• [EXERCISE AIM] How do the lines read from the one holding "Preview for 104" through the last line of the listing? Set them down exactly, pictures omitted.

• [SUPPLIED DATA]
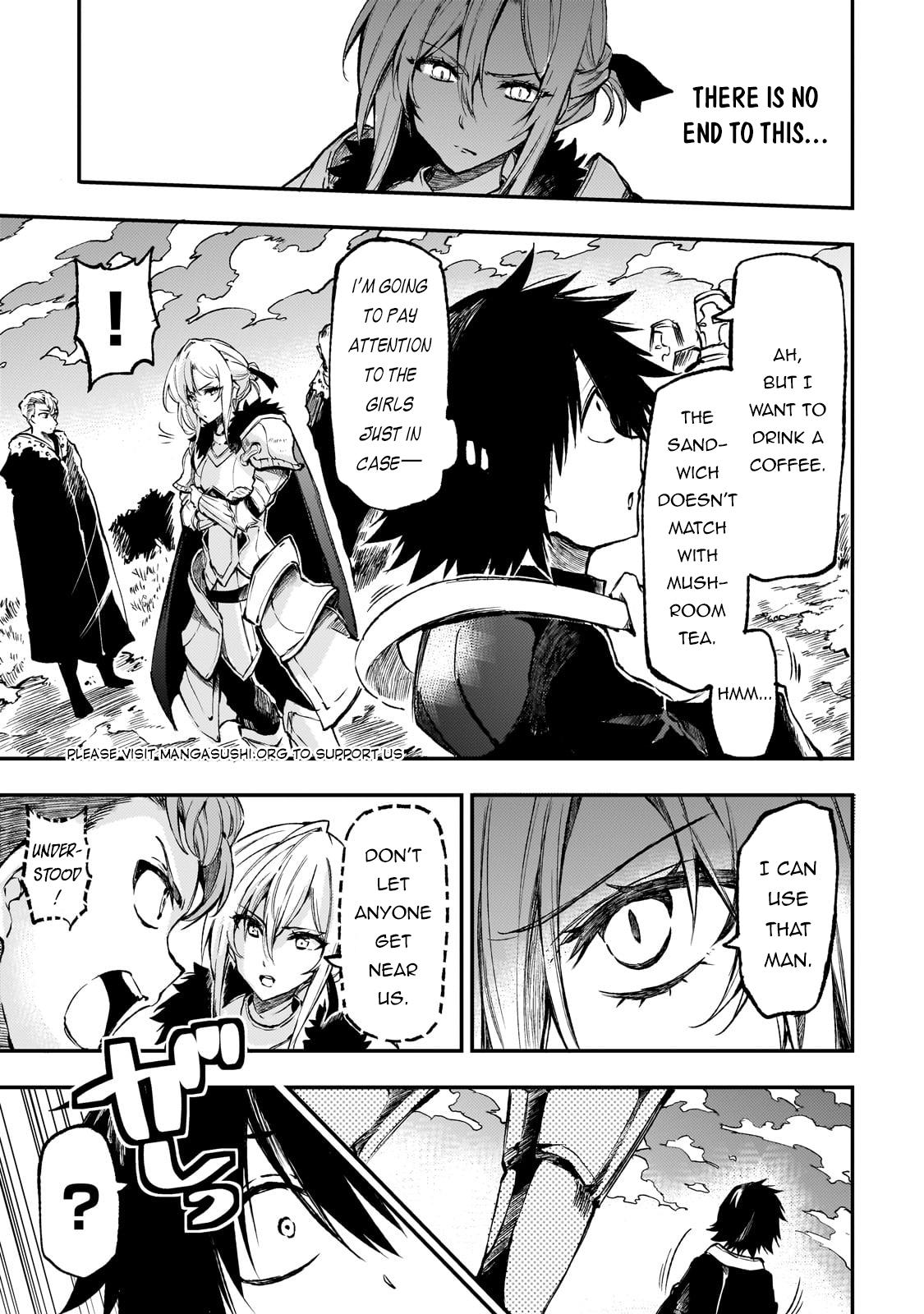 Hitoribocchi no Isekai Kouryaku Chap 239 - Next Chap 240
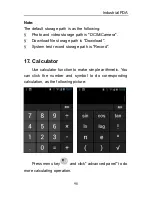 Preview for 104 page of XtendLan XL-DM307G User Manual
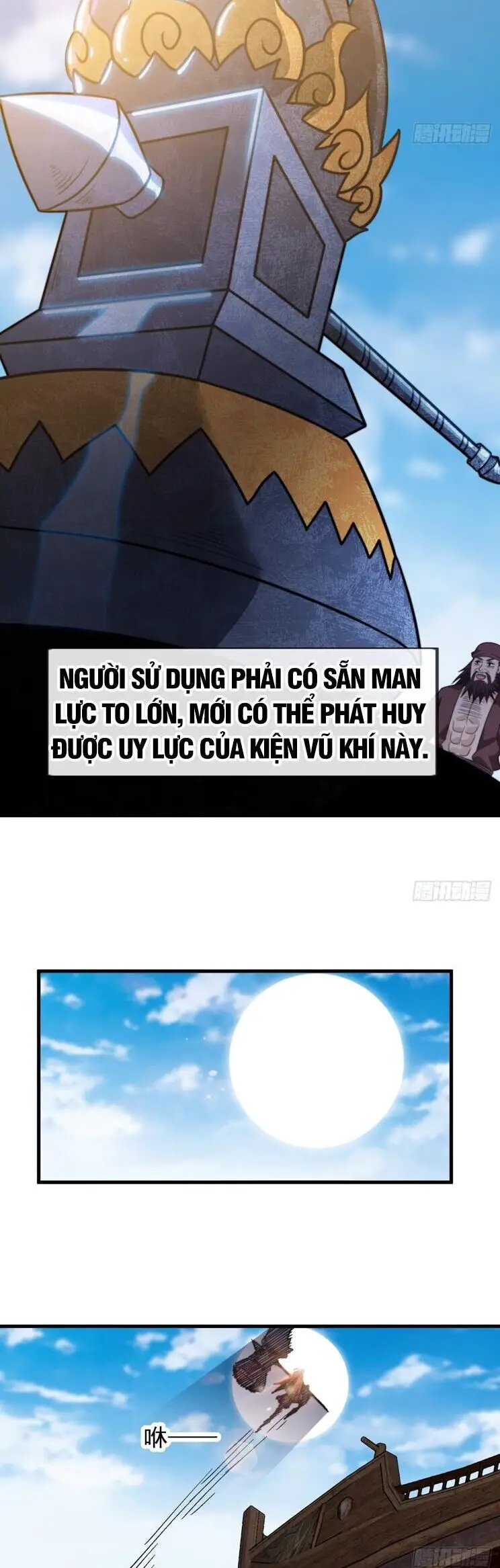 Ta Có Một Sơn Trại Nettruyen ZZZ Chương 1040 Page 23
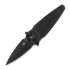 Fox Knives Anarcnide Saturn folding knife, PVD, titanium FX-551TIPVD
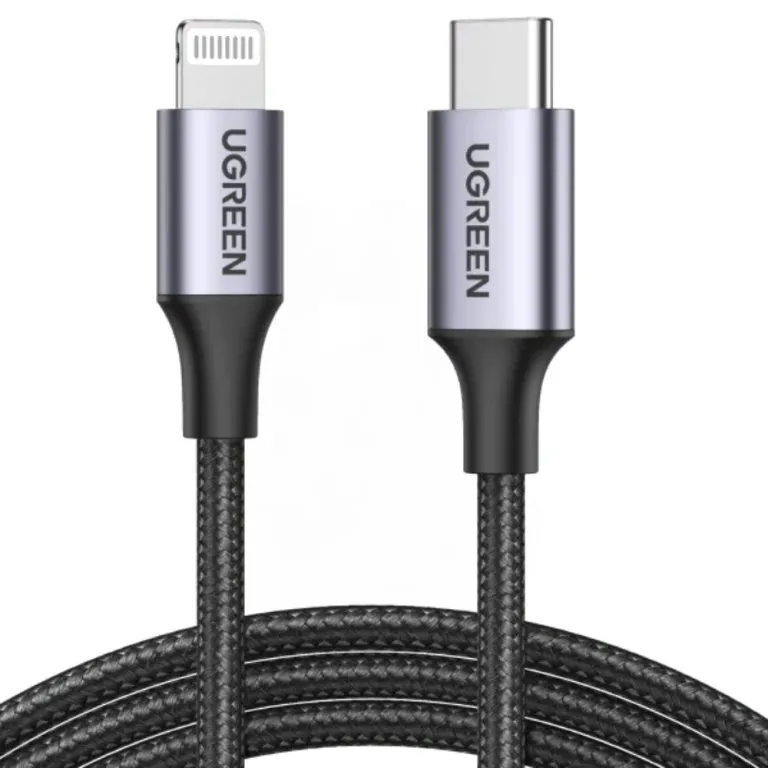 Ugreen USB C to Lightning Cable Braided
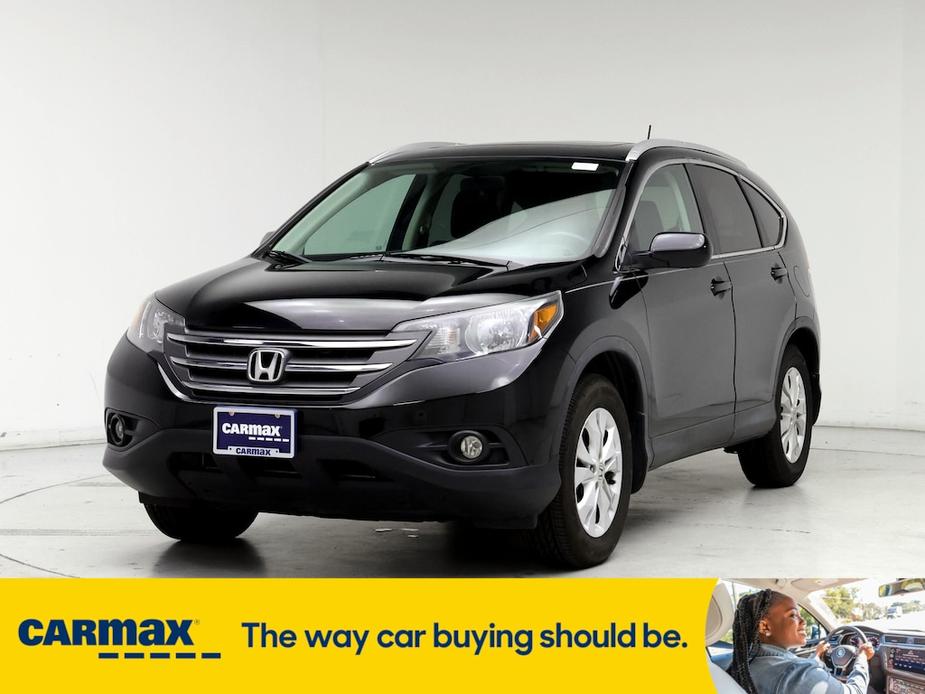 used 2014 Honda CR-V car, priced at $18,998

• [EXERCISE ANSWER]
 Preview for 104 page of XtendLan XL-DM307G User Manual
 Ta Có Một Sơn Trại Nettruyen ZZZ Chương 1040 Page 23
 Fox Knives Anarcnide Saturn folding knife, PVD, titanium FX-551TIPVD
 Ugreen USB C to Lightning Cable Braided
 used 2014 Honda CR-V car, priced at $18,998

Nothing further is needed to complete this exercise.